Harrison County

Biloxi council opens door for huge Woolmarket development

The Biloxi Council on Tuesday approved a zoning change that would allow the proposed Belle La Vie development to be built in Woolmarket.
The Biloxi Council on Tuesday approved a zoning change that would allow the proposed Belle La Vie development to be built in Woolmarket.

The City Council on Tuesday approved zoning changes for a development in Woolmarket that, when built out over a decade or more, would have a population the size of D’Iberville or Long Beach.

The council voted 5-2 to change the zoning of 626 acres from agricultural to six classifications that would allow single- and multi-family housing, businesses, an RV park and an assisted living community. Councilmen David Fayard and George Lawrence opposed it.

“I’m very pleased with the decision,” developer Phil Frisby said. “We’re ready to get to work on the next facet.”

For Woolmarket residents whose acres border the site, Tuesday’s vote was a letdown. Two weeks earlier, they’d applauded when the council tabled the vote on the zoning change.

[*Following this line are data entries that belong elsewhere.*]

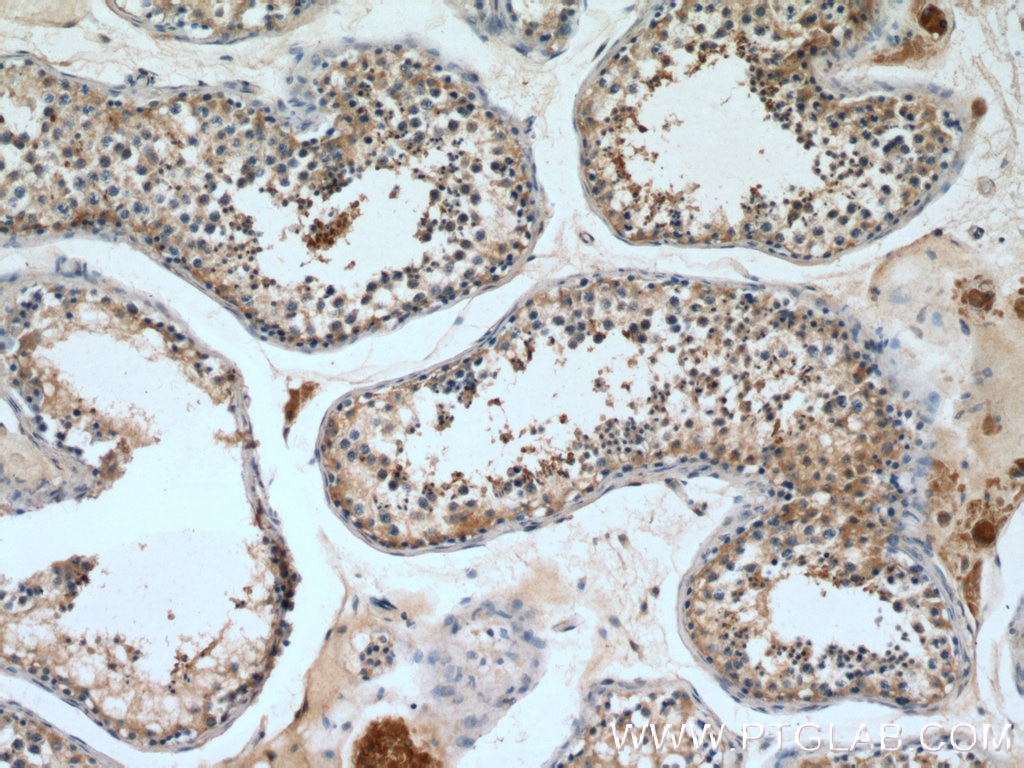 IHC staining of human testis using 13686-1-AP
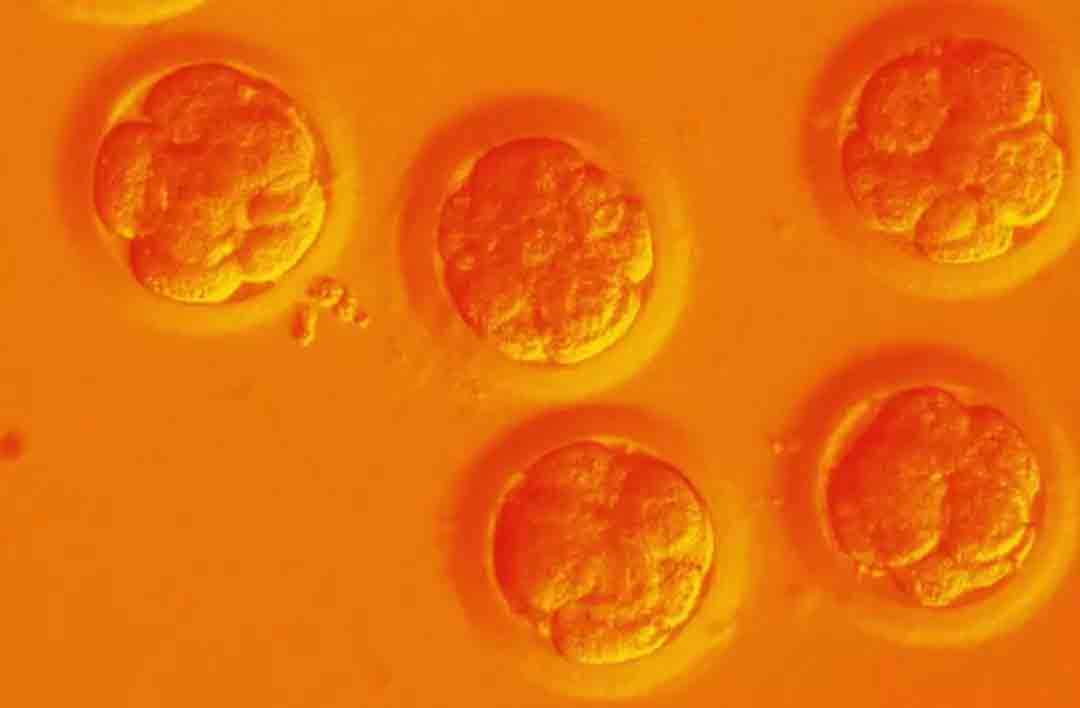 贺建奎实验的“致命”问题：基因编辑女婴未来或会折寿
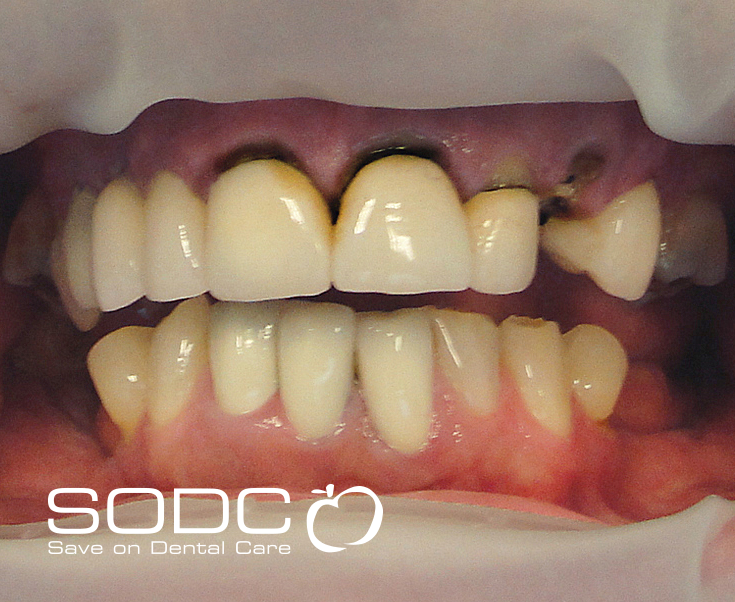 Zirconium crowns. before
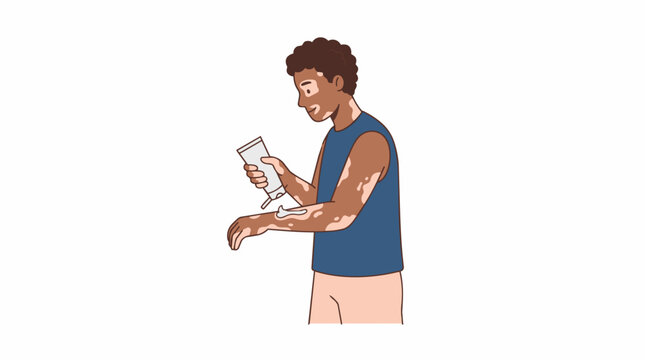 Man with Vitiligo Applying Cream to Skin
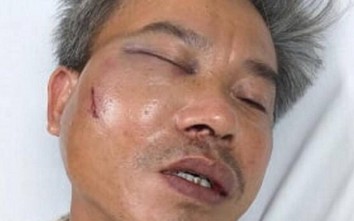 Chụp ảnh quán cafe Bố Già, nhân viên cây xanh ở Huế bị đánh gãy xương hàm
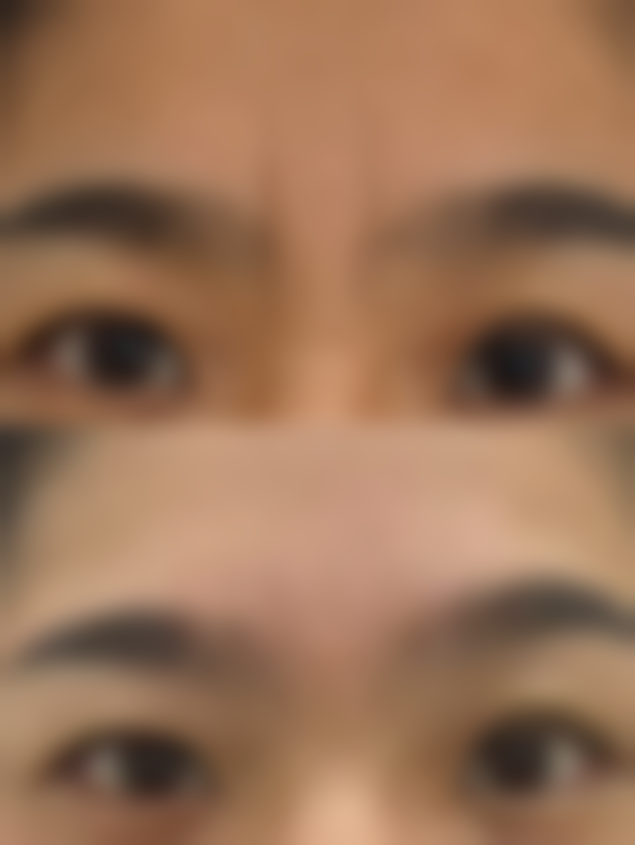 二、江西吉安馨颜整形怎么样？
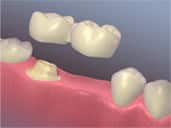 cantilever dental bridge - colgate ph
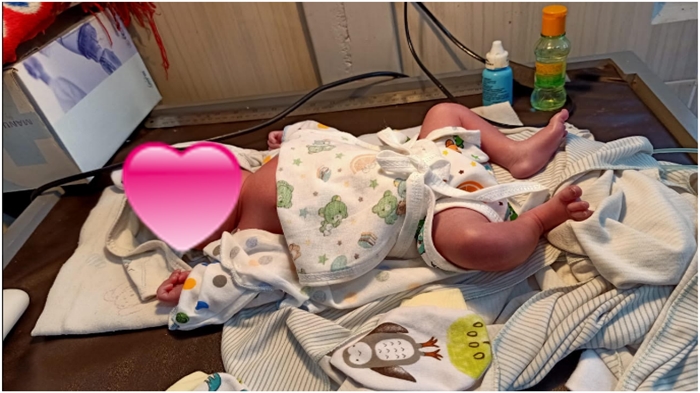 Dinamai Rara, Bayi Ditemukan di SPBU Sungai Lilin Masih Dirawat Intensif, Polisi Buru Pembuang Bayi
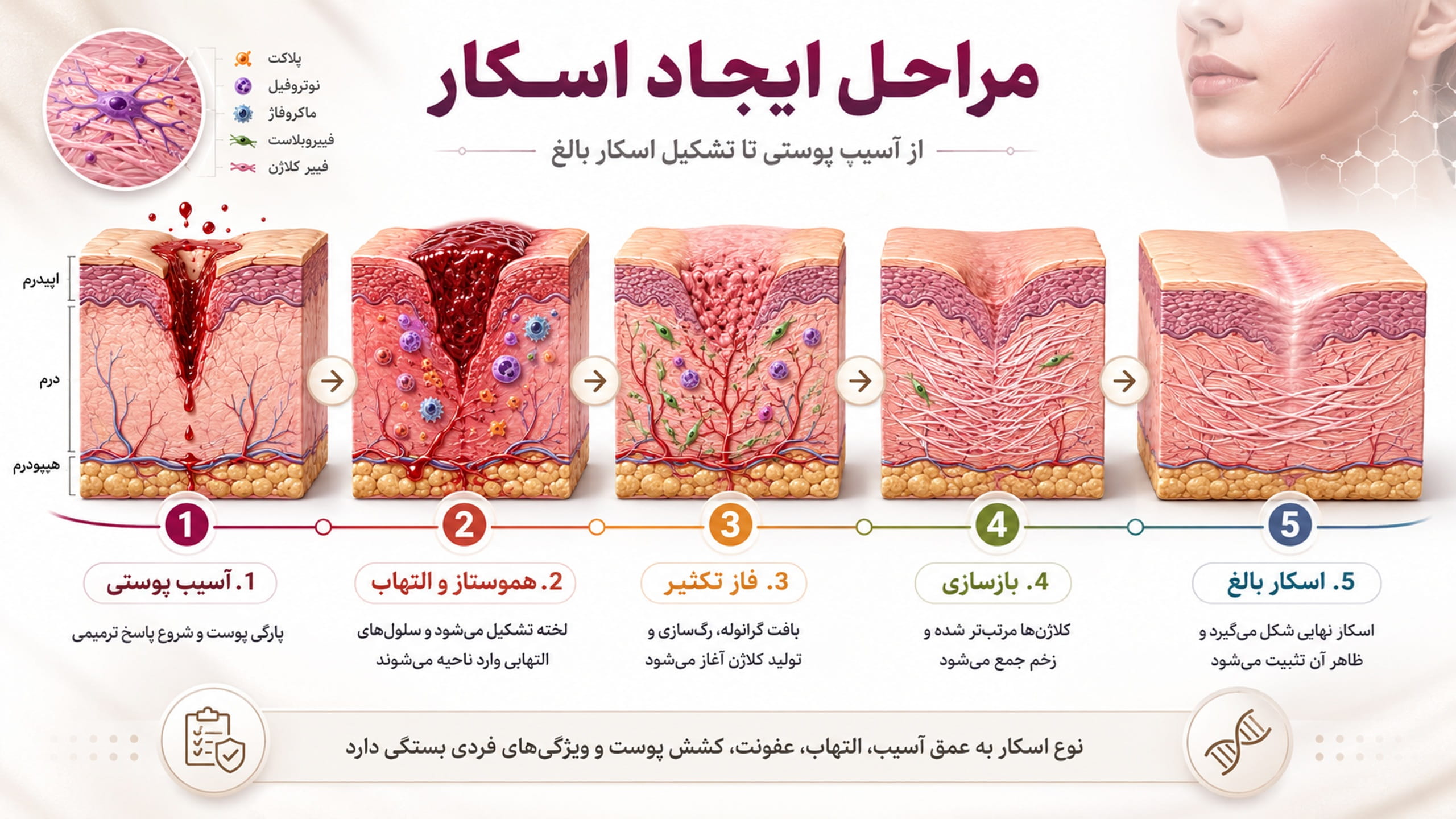 مراحل ایجاد اسکارها و اتیولوژی کلی آن در یک تصویر جامع اینفوگرافیک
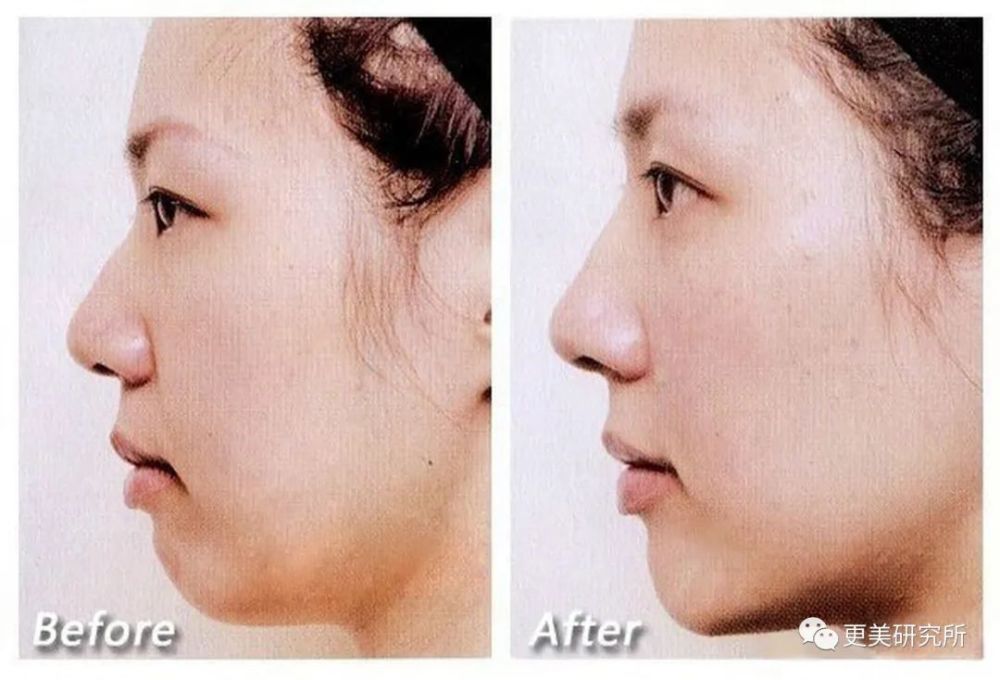 亚洲第一换头宝，50年前就整成芭比，因插足被原配砍？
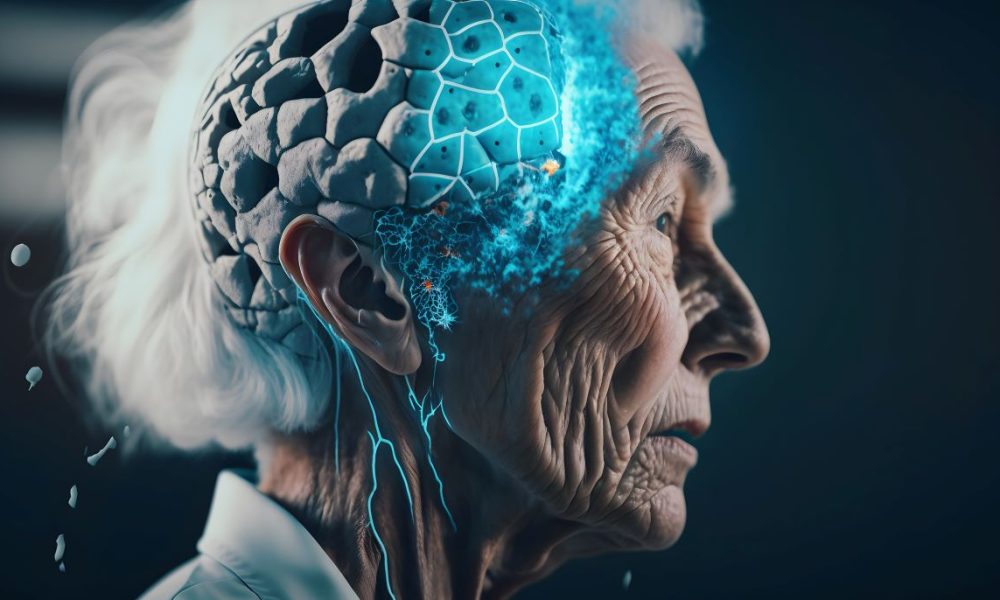 Alzheimer’s expert on bridging the gap between ‘bench’ research and the community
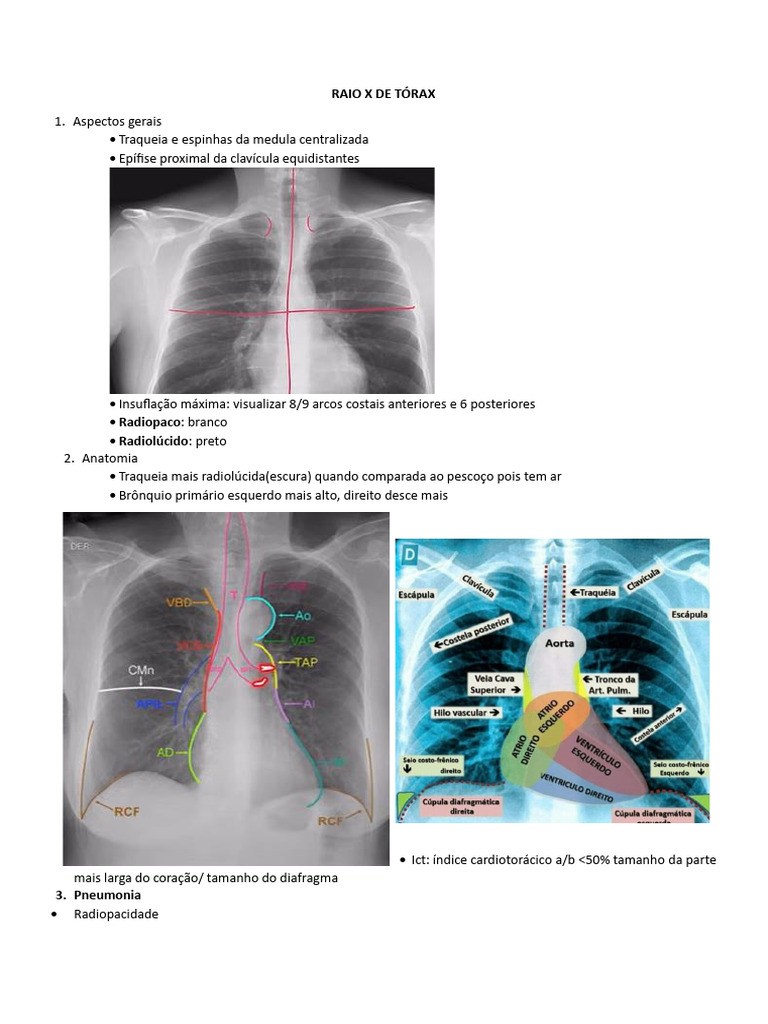 Raio X de Tórax - 241211 - 115722 | PDF | Anatomia humana | Sistema ...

Jennifer McRight said the neighbors have been fighting Pitcher Point Investment’s plans in Woolmarket since 2011. She appealed the zoning change for the developer’s Hidden Springs community, which the council approved in 2011, and lost that appeal.

Asked immediately after the vote if she would appeal again, McRight replied, “No, I don’t think so.”

She does plan to keep up with the development at every step, she said.

Councilman Paul Tisdale said the issue is as much about change in Woolmarket as it is about zoning.

Those who objected to the development said it would create a need for a new school and new roads. The area is growing so quickly, Tisdale said, the only question about construction of a school and roads is when.

He said he is embarrassed residents of Woolmarket still don’t have city sewer and water.

“It’s costly to provide utilities when housing is so spread out,” he said.

The zoning change will allow the developer to hire an engineer and move ahead with a preliminary plat, said Community Development Director Jerry Creel, but the City Council will have to approve drainage and other plans for every step.